== Source information ==

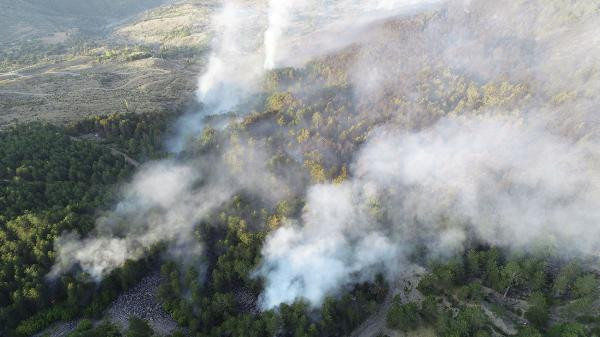 Kastamonu'daki yangın 18 saatte söndürüldü! 20 hektar yandı... - Resim: 3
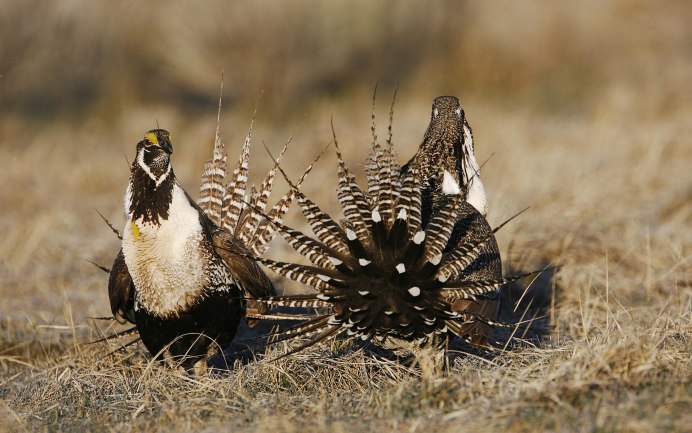 Тетерев в Чувашии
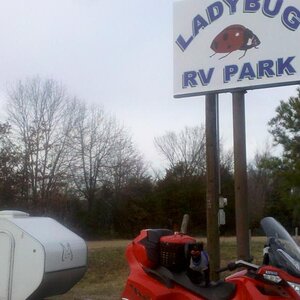 IMG 20120107 150249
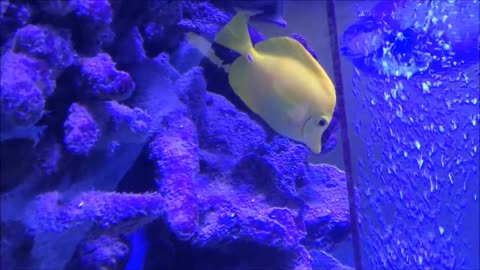 Yellow Tang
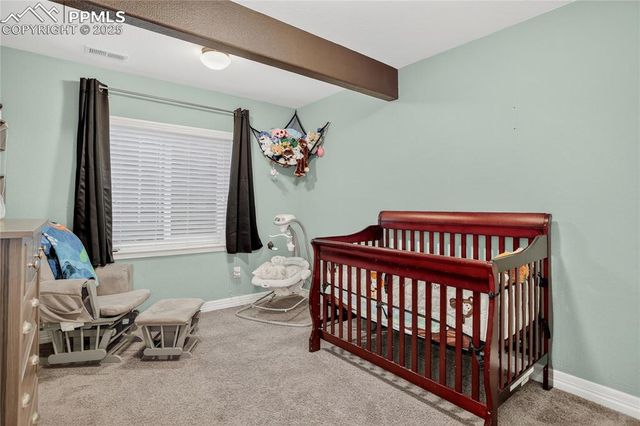 9889 Wando Drive, Colorado Springs, CO 80925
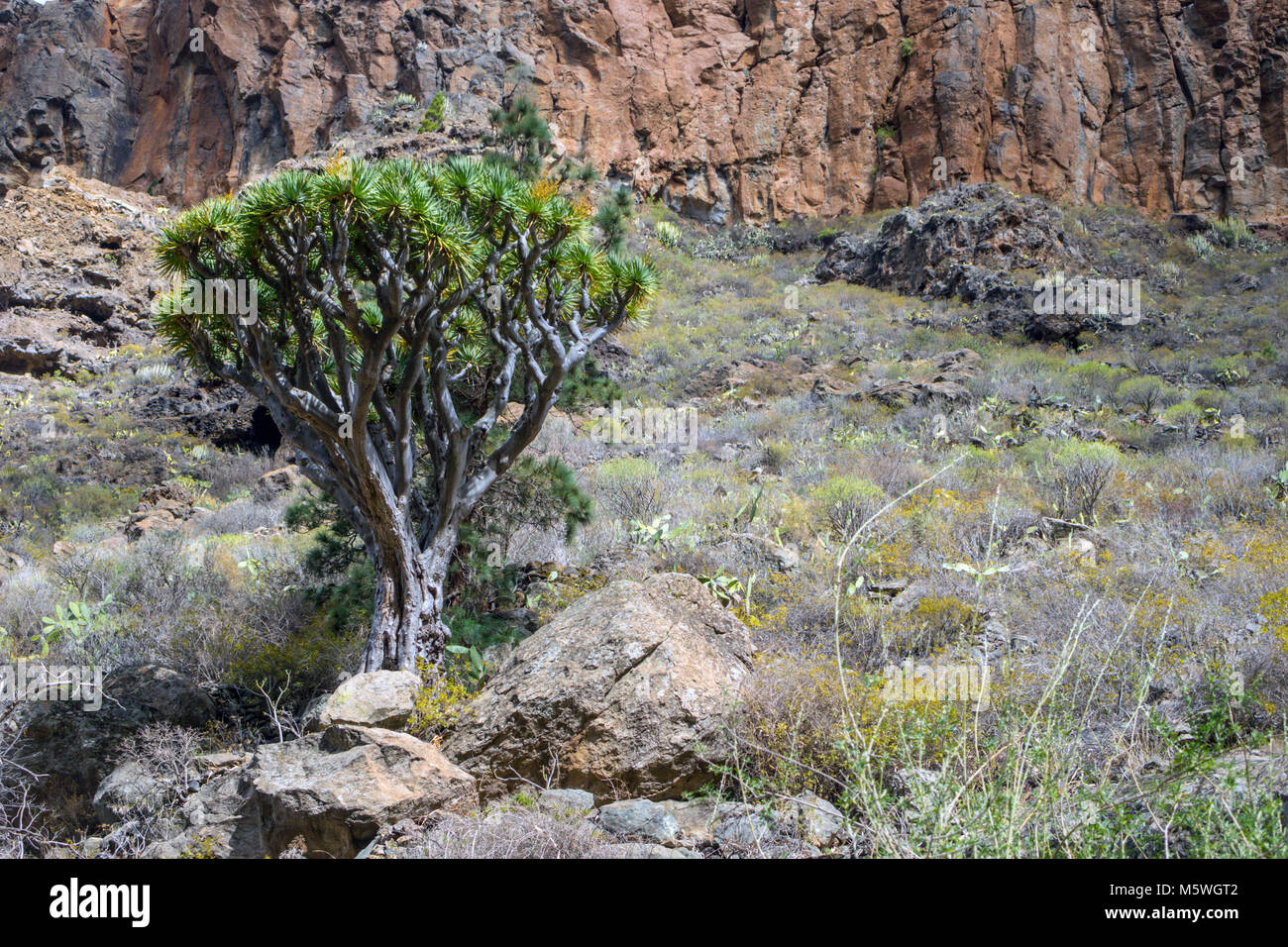 Dragon Tree growing in rock gorge, Guia de Isora, Tenerife Stock Photo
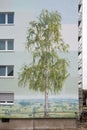 lovely rural German landscape mural streetart painting of a birch tree with a woodpecker bird on the trunk on a high-rise building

===

Work task:
Leave out the pictures. Return exactly the lines from the first line of the records to the line bearing "Dragon Tree growing", inclusive.

Response area:
 Kastamonu'daki yangın 18 saatte söndürüldü! 20 hektar yandı... - Resim: 3
 Тетерев в Чувашии
 IMG 20120107 150249
 Yellow Tang
 9889 Wando Drive, Colorado Springs, CO 80925
 Dragon Tree growing in rock gorge, Guia de Isora, Tenerife Stock Photo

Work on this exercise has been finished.